▸ Your objective
Every line from the one with "Modern Camille Bed 3D Model 3D model image 4" through the final line of the data below goes in the answer, copied exactly. Pictures do not.

▸ Collected material
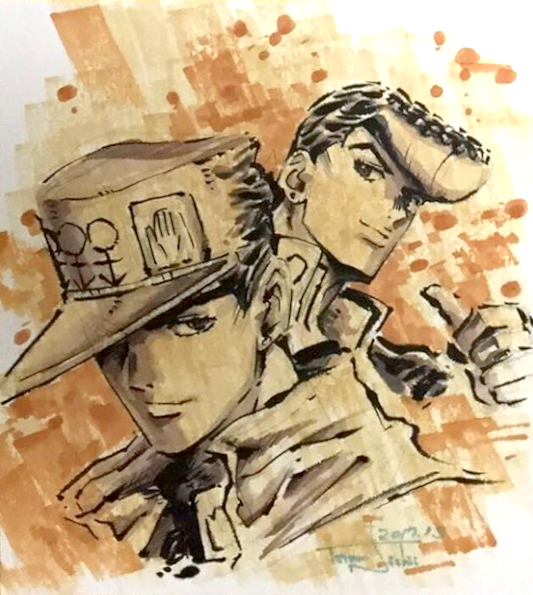 Educational authentic reference image (TNishii_Jotaro_Josuke_Jan_3_2017). — educational authentic (REAL) shikishi reference associated with Terumi Nishii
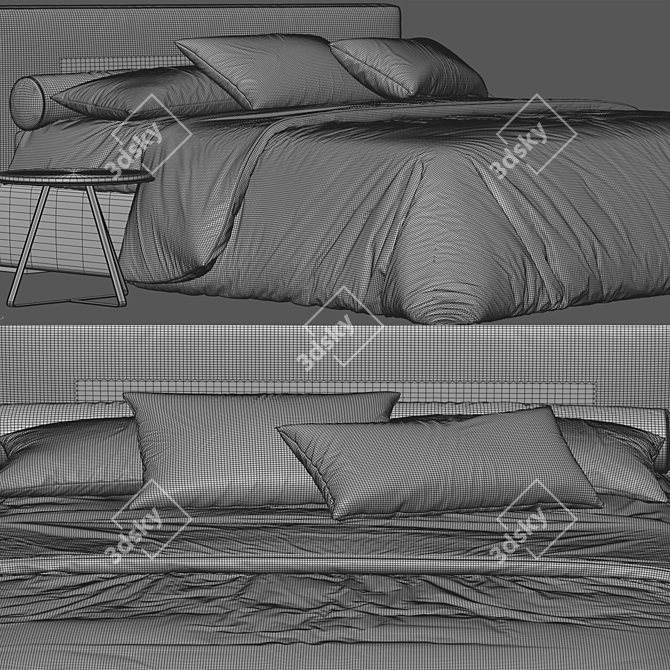 Modern Camille Bed 3D Model 3D model image 4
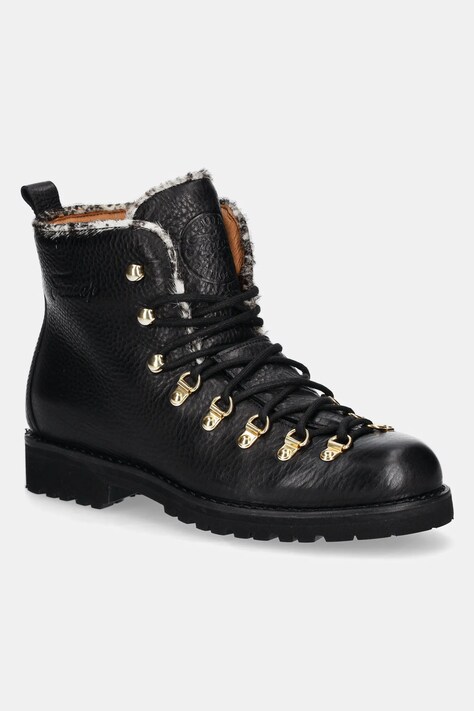 Δερμάτινα μποτάκια Fracap Magnifico Alto Brill χρώμα: μαύρο, MAGNIFICO.M120.ALTO.BLK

▸ Exercise result
 Modern Camille Bed 3D Model 3D model image 4
 Δερμάτινα μποτάκια Fracap Magnifico Alto Brill χρώμα: μαύρο, MAGNIFICO.M120.ALTO.BLK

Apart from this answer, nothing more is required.